# Boots ARRGGH!



## Lorna (Apr 8, 2004)

On Monday, I went into Boots in my local town and gave in a film to be processed.  I asked for 3 day processing, as I was intending to return to the store, and pick up my film on Friday.

Today, hubby had to go into town, so he suggested, that check on whether my film was developed.  So hubby duly walked into Boots, handed over the receipt, and was told, there was no point in even checking if the photographs were ready, because the film is on 3 day processing, and the computer will not release the pictures until the 72 hours are up.

When he told me, I did a double take.  It is pretty quiet in Boots, so I suspect my photos, would have been ready.  Now I will have to go in on Friday to pick up the photos,  but it is the only reason I have to go into town.  I have to drive 5 miles there, park, pay 50p for parking, go collect the photos, and then drive home.  What a waste of time, effort and money, just because the photos cannot be released a day early.  It is also, seems to me, to be not particularly green to make me make an extra, completely unnecessary, car journey.

I understand in busy periods, that I might have to wait 3 days for my film to be processed, but in slack times, then I really feel, I ought to be able to collect my pictures, if they are ready.

How to upset a customer......method number......

Lorna


----------



## dakota (Feb 6, 2007)

Tough one, i can see your point as i can see there's.
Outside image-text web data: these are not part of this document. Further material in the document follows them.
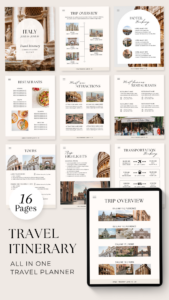 ☁️ 🕯️ Editable Travel Itinerary Template | Honeymoon Planner Design | seamless organization hack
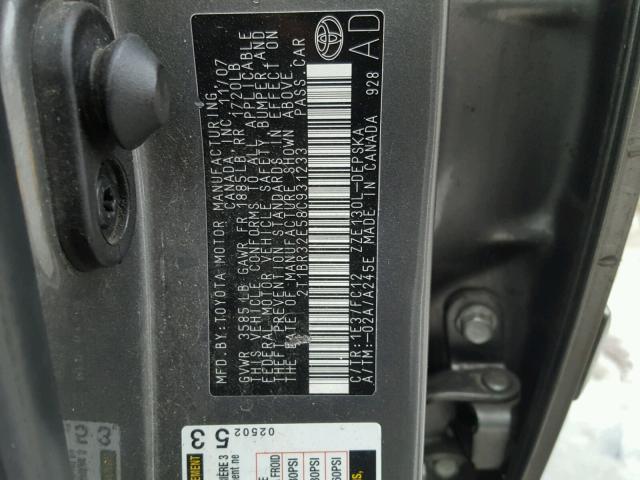 2T1BR32E58C931233 - 2008 TOYOTA COROLLA CE GRAY photo 10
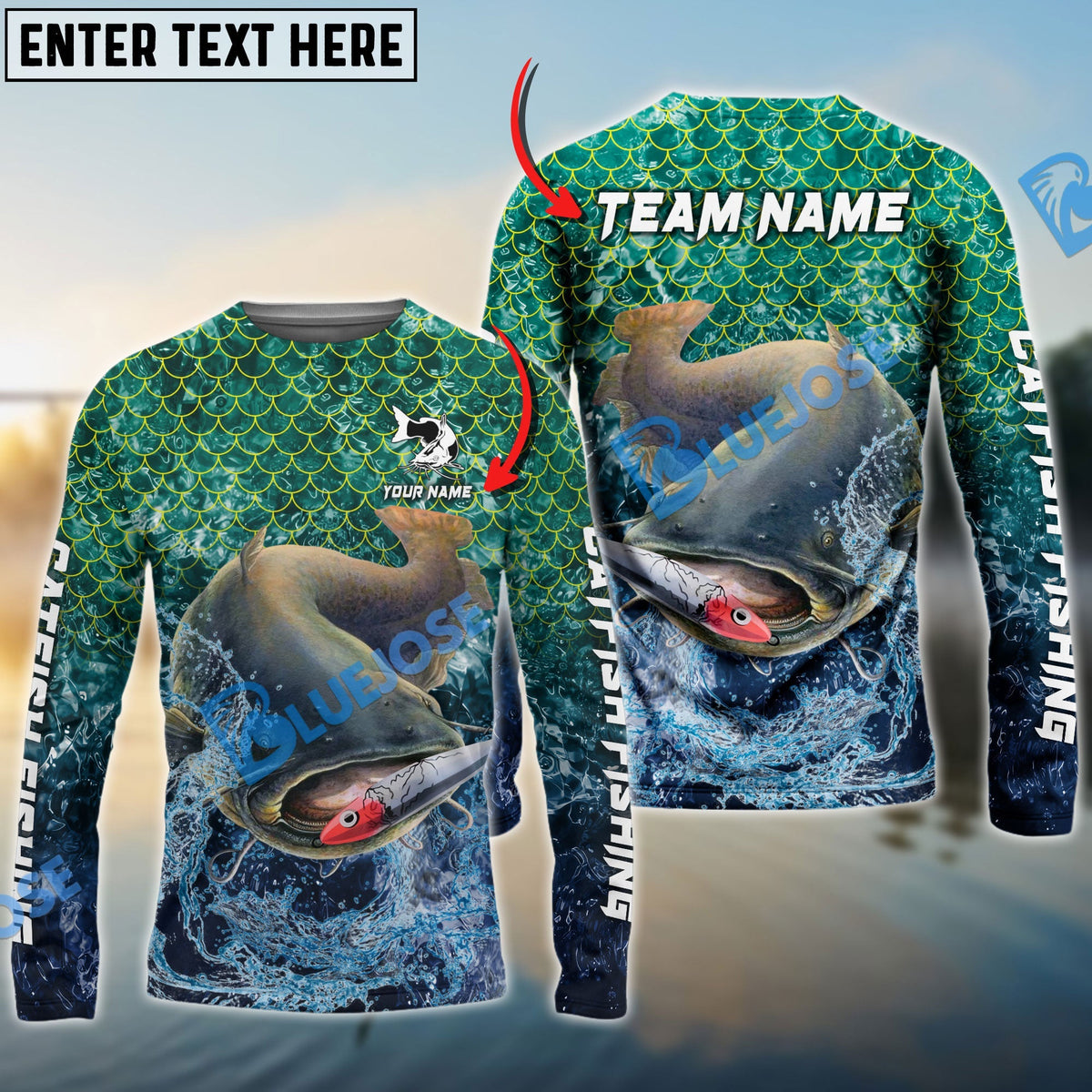 BlueJose Catfish Fishing Yellow Fin Sport Custom Name & Team Name 3D Shirts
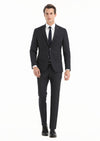 Lacivert Çizgili Zeroweight Slim Fit Yün Karışımlı Takım Elbise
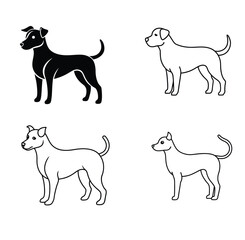 Dog line art and silhouette  white  background 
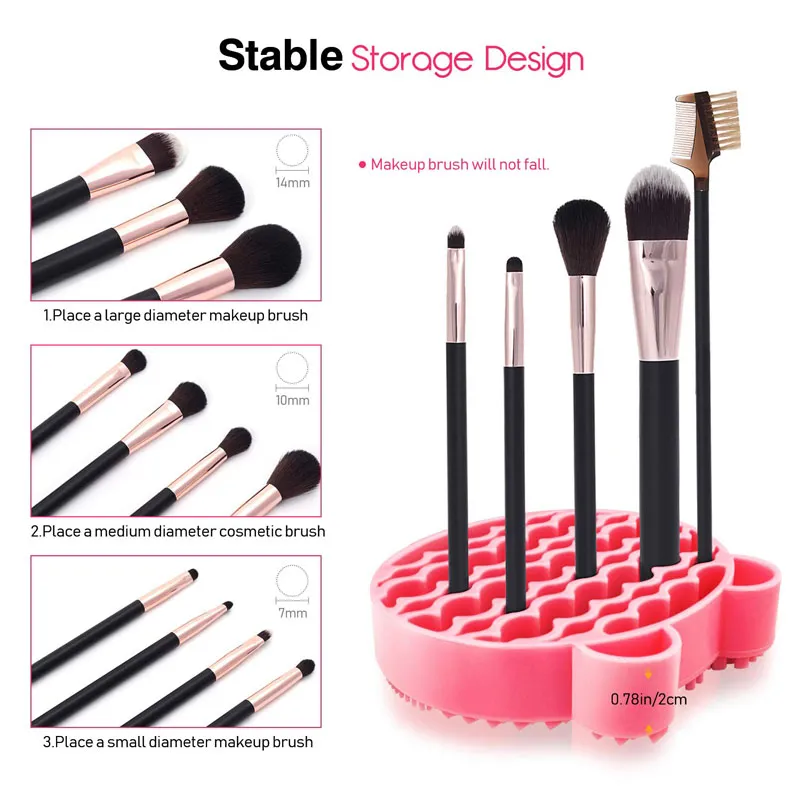Silicone Travel Makeup Brush Set Cleaner Mat With Drying Rack And Holder  Efficient Cosmetic Brush Dryer Pad For Cleaning And Removing Brushes From  Top_liyun, $2.73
I would in future just aim for the timescale given (3 days) and if they are not ready then, then play your face


----------



## Lully77 (Apr 11, 2008)

Ridiculous!  Take your films to Jessops in future (if you have one) - their tills/computers have no such attitude and I got my reprints a day earlier, just because I was passing and thought I would check x


----------



## Lorna (Apr 8, 2004)

Unfortunately, the only place around here to get photos done is Boots.  Well ever since Tesco stopped doing film processing(that annoyed me too).


----------



## dakota (Feb 6, 2007)

Tesco stopped doing them by us aswell, wasnt happy as they were the cheapest at 5p a print, now i pay about 11p


----------



## professor waffle (Apr 23, 2005)

Are they film or digital ones? I use Snapfish for my digital ones & they're good


----------



## dakota (Feb 6, 2007)

Digital, off to have a look


----------